- **DATASET CONTENT**:
------------------------------
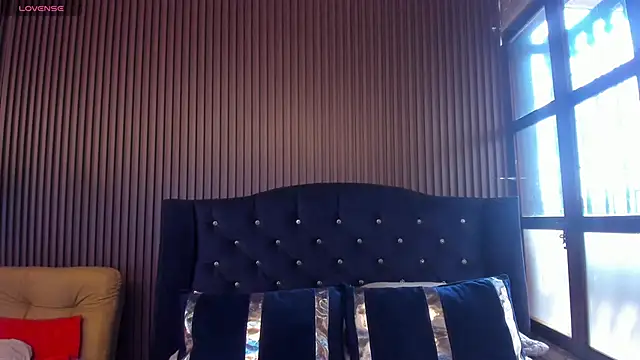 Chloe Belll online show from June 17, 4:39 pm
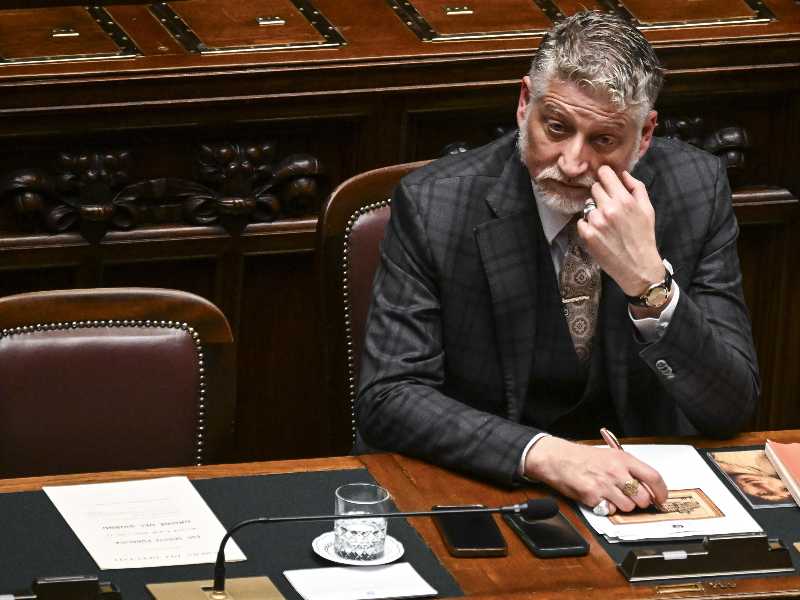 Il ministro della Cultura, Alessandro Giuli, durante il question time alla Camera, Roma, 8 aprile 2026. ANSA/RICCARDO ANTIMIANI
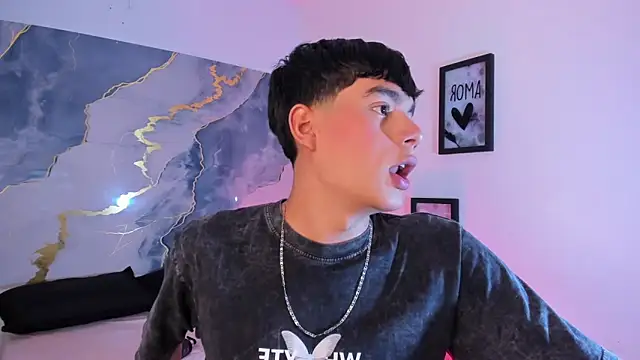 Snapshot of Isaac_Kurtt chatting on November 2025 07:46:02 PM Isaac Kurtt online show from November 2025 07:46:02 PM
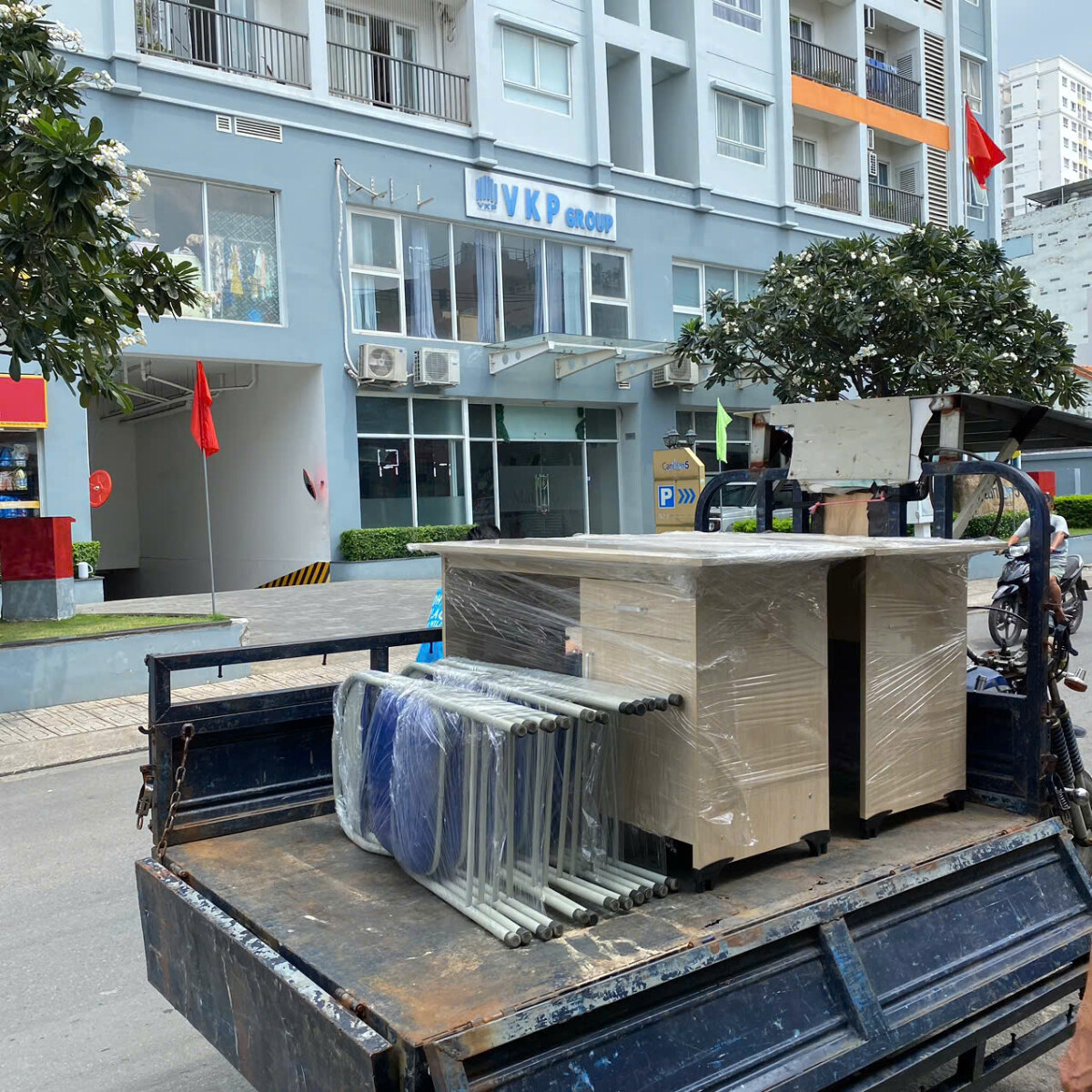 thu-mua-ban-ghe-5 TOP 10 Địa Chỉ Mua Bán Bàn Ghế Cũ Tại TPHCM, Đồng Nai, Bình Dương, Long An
------------------------------
- **WHAT YOU WILL DO**:
What is needed is the listing above, repeated verbatim, without its images.

- **EXERCISE SOLUTION**:
 Chloe Belll online show from June 17, 4:39 pm
 Il ministro della Cultura, Alessandro Giuli, durante il question time alla Camera, Roma, 8 aprile 2026. ANSA/RICCARDO ANTIMIANI
 Snapshot of Isaac_Kurtt chatting on November 2025 07:46:02 PM Isaac Kurtt online show from November 2025 07:46:02 PM
 thu-mua-ban-ghe-5 TOP 10 Địa Chỉ Mua Bán Bàn Ghế Cũ Tại TPHCM, Đồng Nai, Bình Dương, Long An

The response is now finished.